Did anything distract you?
The speakers for the sound system were all in front of the congregation, but the sermon started with no sign of a preacher in the pulpit or somewhere else in front of us, leaving me distractedly left wondering where he was. (It turned out that he was giving a sort of guided tour of the church, starting from the back.) I also wondered if the rather washed out appearance of the "mural" in the sanctuary was because it was only half-finished.
Was the worship stiff-upper-lip, happy clappy, or what?
Formal, but only mildly so by the standards of many cathedrals. For example, the priests wore plain white robes with purple stoles but no more elaborate clothing. Indeed, the congregation were also fairly informally dressed, with very few suits and ties in evidence. There were no bells or smells during the service, except for a single bell before communion. The service included a commissioning of the Anglican Youth Movement, a team of about 15 young adults from the cathedral parish who most weekends go out to other churches in the diocese to assist with services and especially with youth work. As part of this commissioning, one of the workers was interviewed by the preacher. A large tattooed man with a big beard, he looked more like a biker than a traditional church worker, and certainly not like a stickler for formality.
Exactly how long was the sermon?
On a scale of 1-10, how good was the preacher?
9 – The Revd Michael Branley spoke fluently and clearly without notes as he wandered around the service area.
In a nutshell, what was the sermon about?
The gospel for the day (Christ drives the money changers out of the temple, John 2:13-22) inspired the preacher to muse on the shape of our "temple" today.
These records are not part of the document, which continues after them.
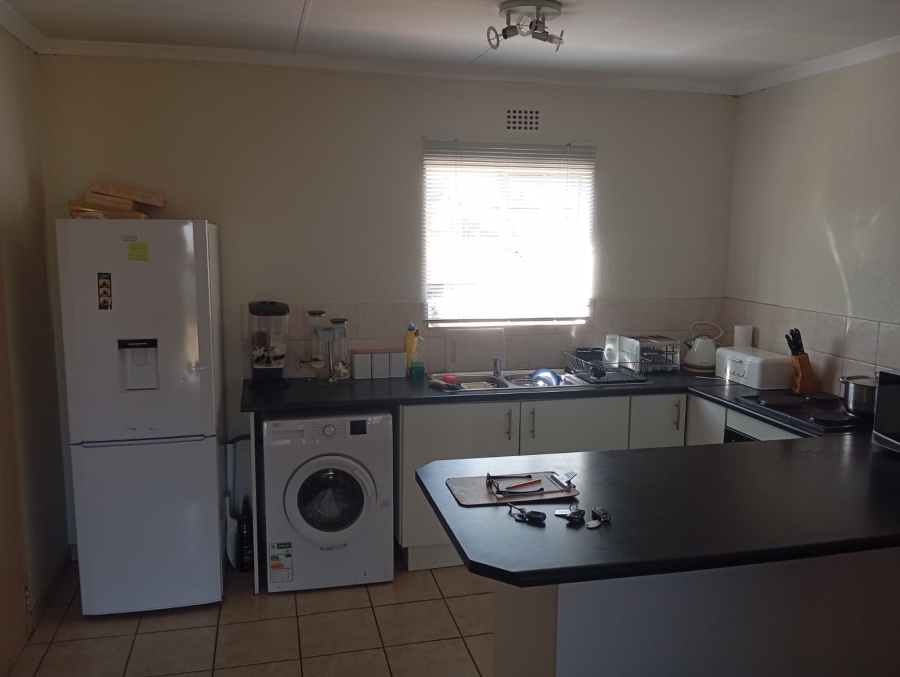 To Let 2 Bedroom Property for Rent in Terenure Gauteng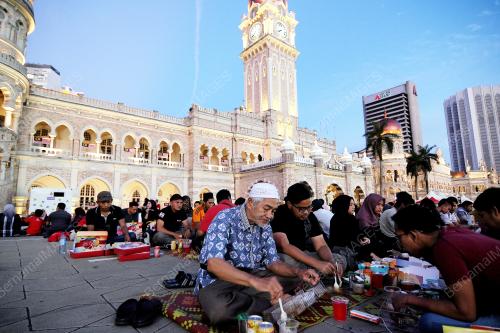 KL37_04072015_IFTAR_KL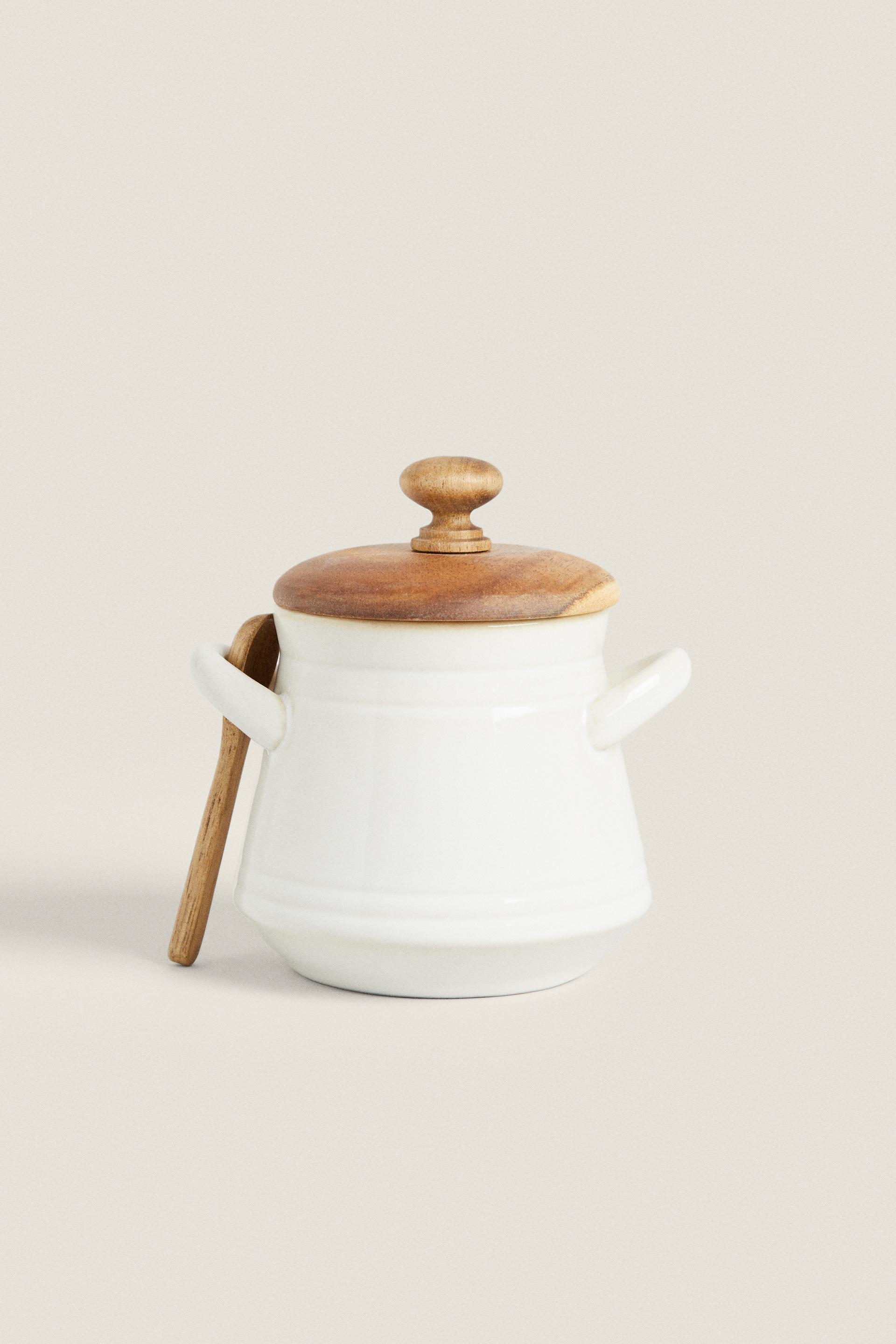 

КЕРАМИЧЕСКАЯ САХАРНИЦА С ДЕРЕВЯННОЙ КРЫШКОЙ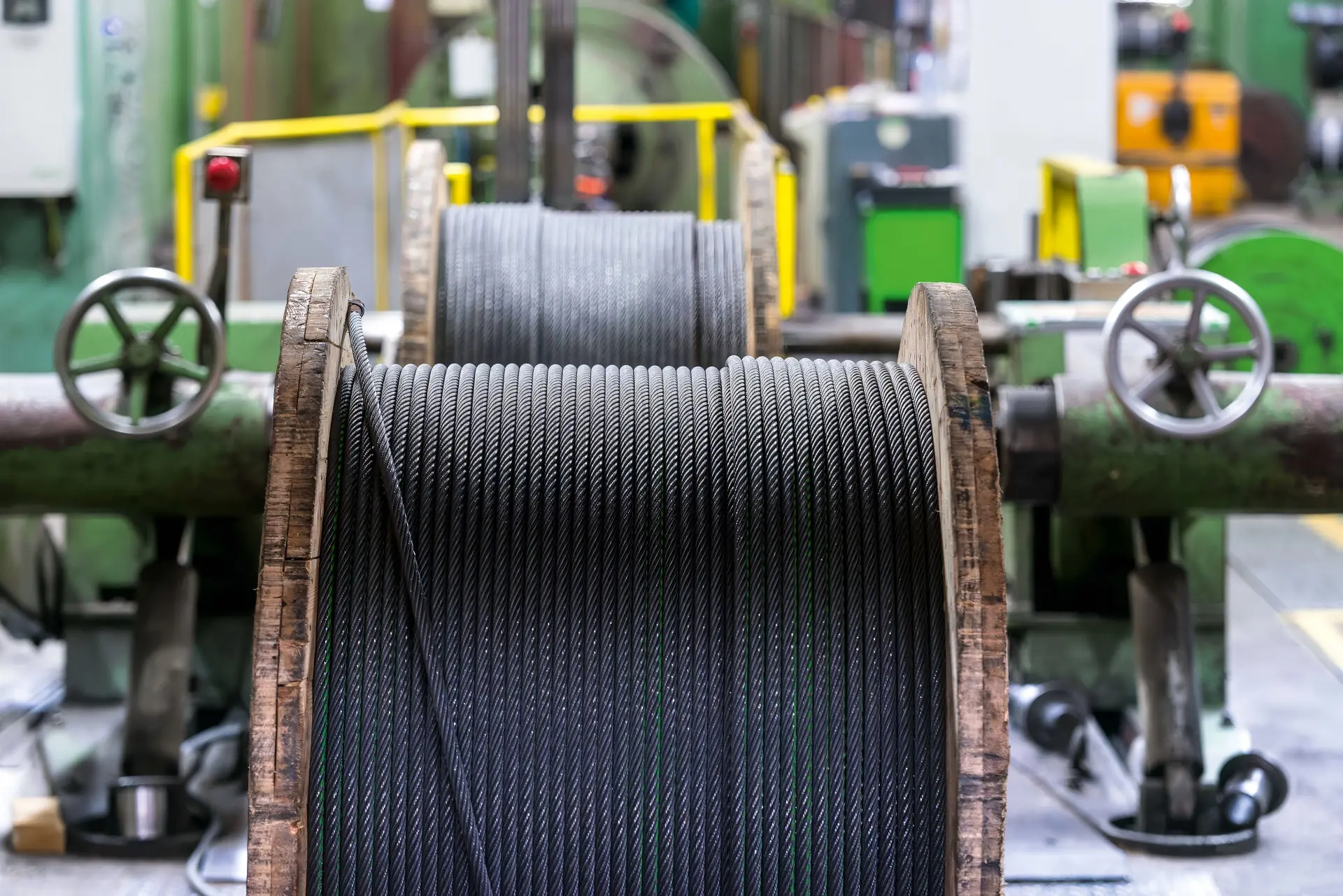 Load Limits and Practical Safety Guidelines for Wire Rope Slings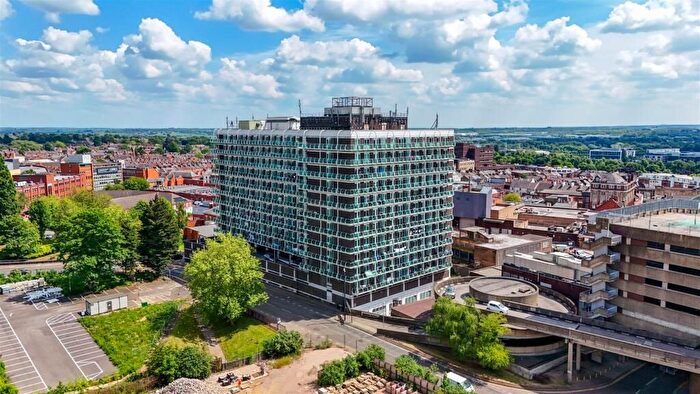 2 Bedroom Flat To Rent In Wellington Street, Northampton, NN1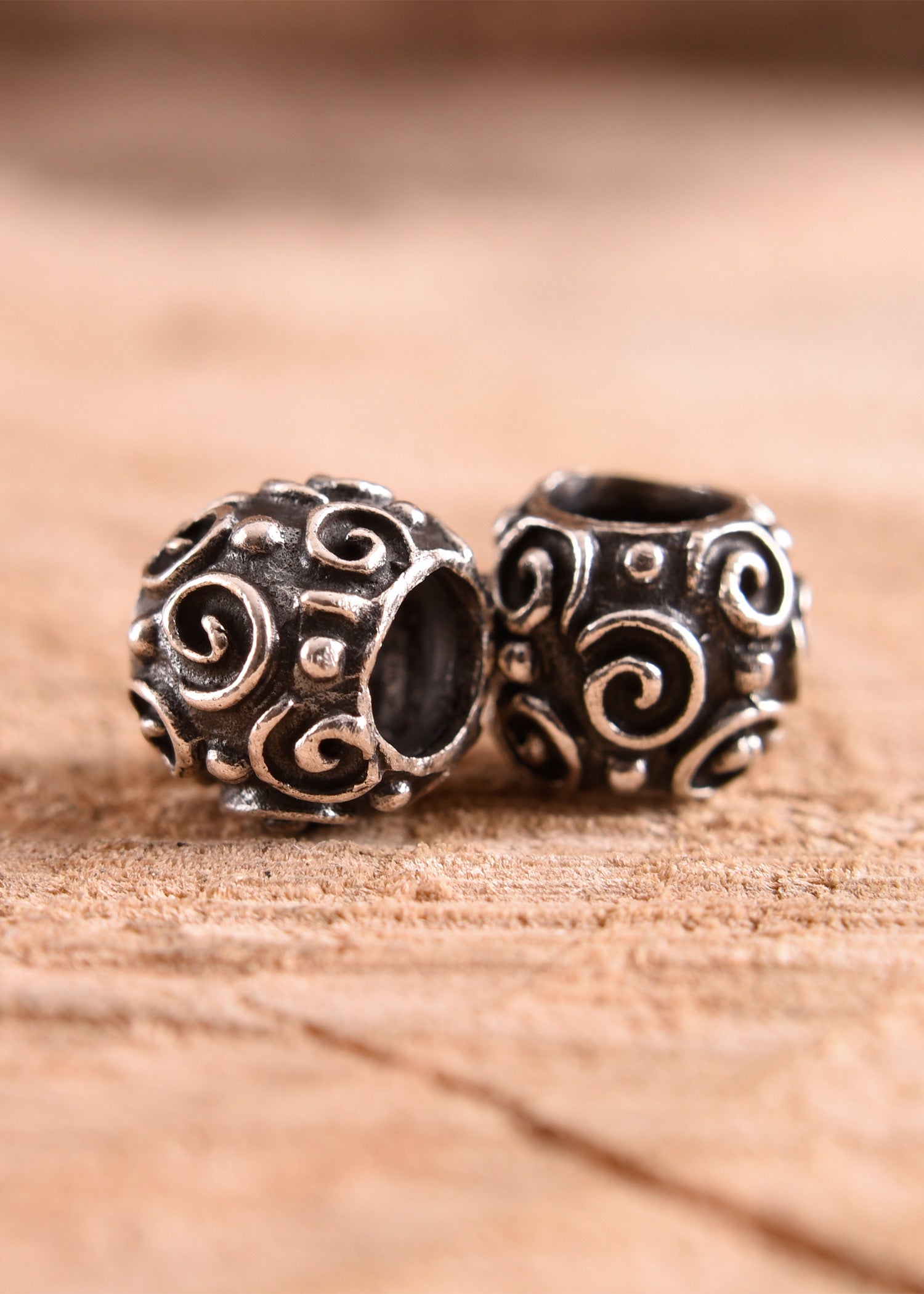 Imagen única de: Cuenta Para Barba Y Cuenta Para Rizos Con Espirales Plateadas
The high cathedral building speaks to us of the grandeur of God, but it is vital to balance this with the intimacy of God without overemphasising either (and certainly not to think of Jesus as my boyfriend!). The gospel and the other readings of the day present a common theme for us: Who is Jesus and what does he mean for us? In particular, how can we including the Anglican Youth Movement best serve the changing local demographic? One possibility, bearing in mind the many students around, is perhaps visits to a local craft brewery as an occasional meeting place.
Which part of the service was like being in heaven?
The organ made a glorious and heavenly sound from its speakers high in the old organ loft. As a sound technician at our home church, I was also impressed by the quality and handling of the sound system generally, as it dealt with numerous wandering speakers and singers.
And which part was like being in... er... the other place?
A hellish moment was averted by quick action of the clerk, who realised that the gospel reader (who had processed to be in the body of the congregation) had not switched on his microphone. The clerk reached into the reader's pocket and fiddled there until sound suddenly came out of the speakers.
What happened when you hung around after the service looking lost?
As tea was served at the back of the nave, i.e. just inside the main door, one could not easily look lost or escape without being noticed. We had a good chat with the preacher, who, like us, had lived and worked in three or four countries and had an accent that showed it.
How would you describe the after-service coffee?
Poured from a large teapot into a proper pottery cup. No food was offered that I noticed, but we were able to lunch well at a nearby pub.
How would you feel about making another visit (where 10 = ecstatic, 0 = terminal)?
8 – Having once been regular members of another cathedral in this province, we felt at home here.
Did the service make you feel glad to be a Christian?
What one thing will you remember about all this in seven days' time ?
The pink painted interior and its contrast to the transplanted wooden Lady chapel. Also the motley crew of the AYM, who were noticeably more diverse than the rest of the congregation.